Truck driver Garry Prentice doesn't remember running a red light in Toronto 30 years ago, but the Toronto courts definitely do. He's one of two people who've had their licences suspended because of an unpaid traffic ticket from the 1980s.
Prentice was on the road about a week ago when his girlfriend called to tell him he got a letter saying his licence was suspended.
Prentice said he immediately thought: "I have no fines, what's going on?"
It was in an Ontario courthouse where he found out the suspension was due to an unpaid $87.25 traffic ticket from 1988.
No prior warning
What puzzles Prentice is that he was able to renew his driver's licence and plates from three decades without a problem and then suddenly he's hit with the old ticket and forced to fork out $275 to have his licence reinstated.

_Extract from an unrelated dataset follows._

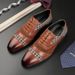 New Black And White Color-block Carved Brick Men's Shoes For Men's Business Leather British Derby Shoes Pointed Toe Banquet Wedding Leather Shoes_vogvips.com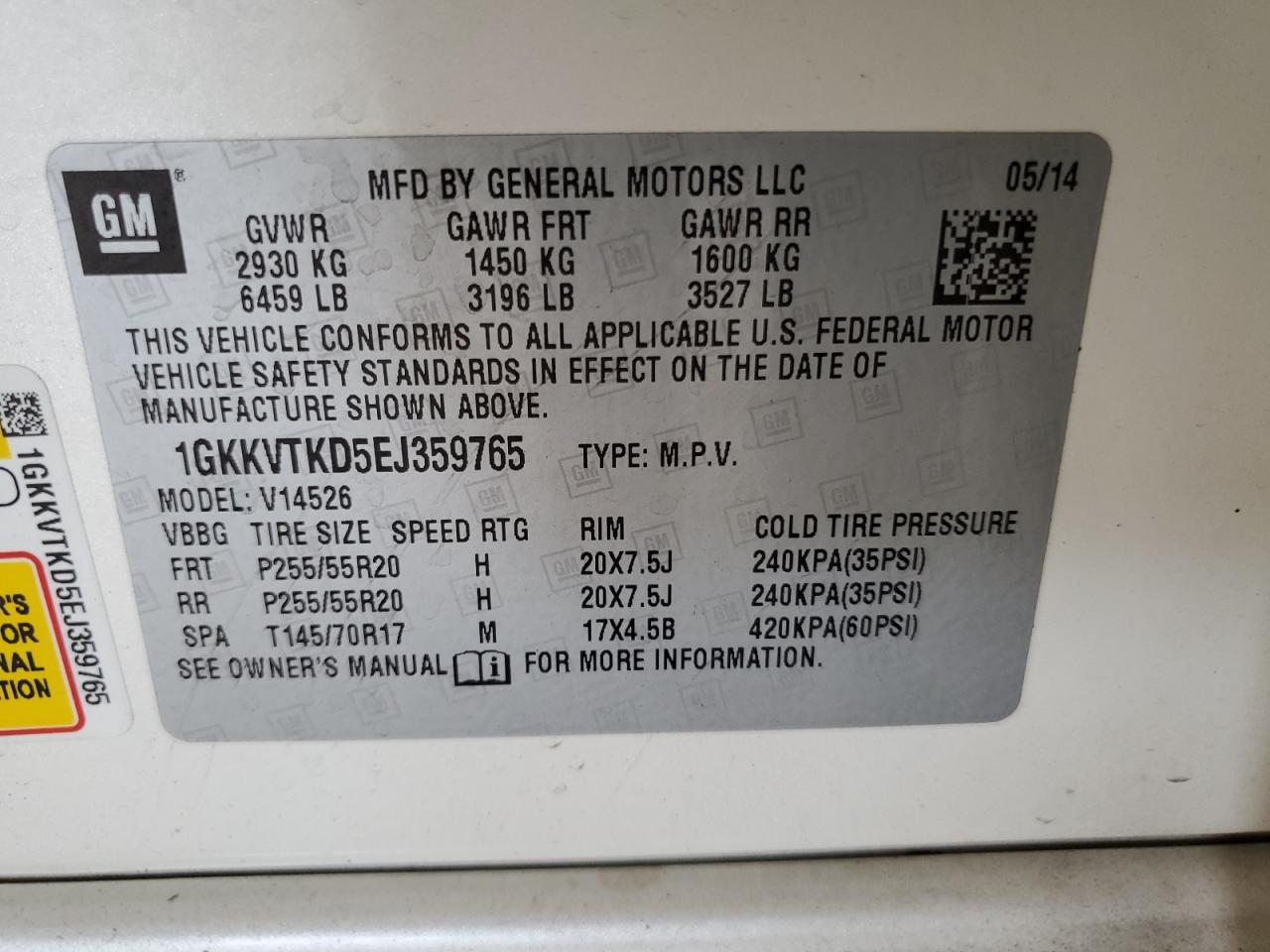 2014 GMC Acadia Denali VIN: 1GKKVTKD5EJ359765 Lot: 81623115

"I didn't receive anything in the mail, any notice about an outstanding ticket. It just went straight to suspension," said Prentice. "That's not fair."
Noreen Frank says a ticket from the 80s has also come back to haunt her. She lives in Minden, three hours northeast of Toronto, and was shocked when she received a similar suspension letter.
"It's for failing to stop at a stop sign in 1987," said Frank.
Frank says she remembers paying the ticket immediately, but can't prove it because she doesn't have the 32-year-old receipt.
"I went to the Toronto courthouse the day it happened and paid it even though it had the wrong birthdate on it. I didn't want it to come back at me when I went to renew my licence. Yet here we are 32 years later."
Toronto going after unpaid tickets
Paralegal Daniel Jenner says "they follow you till death and live through bankruptcy."
Just in the last week, Jenner says he's received three calls from people saying their licences were suspended from outstanding Toronto tickets they didn't know they had.
"Years ago most of the fines just went into default, some went into suspension status. What they've realized is that if you suspend someone's licence, they're much more motivated to pay the fine," said Jenner.
The City of Toronto admits that it's changed the way it tracks down unpaid traffic tickets. Following an Auditor General's report in 2018, it now uses four different methods to collect outstanding Provincial Offence Act fines: adding them to property taxes, licence suspension, plate denial and applying civil enforcement measures through the Superior Court of Justice.
Tickets stick around forever
Even though the city says it's using a collection agency to notify people of outstanding fines, Jenner says people might not get the notices because the phone number and/or address Toronto has on file for an old ticket could be out of date.
"So people are not getting any warning, they're just saying that your licence is suspended because of unpaid fines, which is legal," said Jenner.
Both Prentice and Frank say the frustrating part about all of this is that they had to wait five days to have their licence reinstated, so they lost a week of work.
"I'm out around $3,000," said Prentice. "I had a job booked and I couldn't do it because I couldn't drive. Now this suspension is going to stay on my record."
Neither Frank nor Prentice want to fight the ticket. They both live three to four hours north of the city and they say it would take too much money and time to come to Toronto.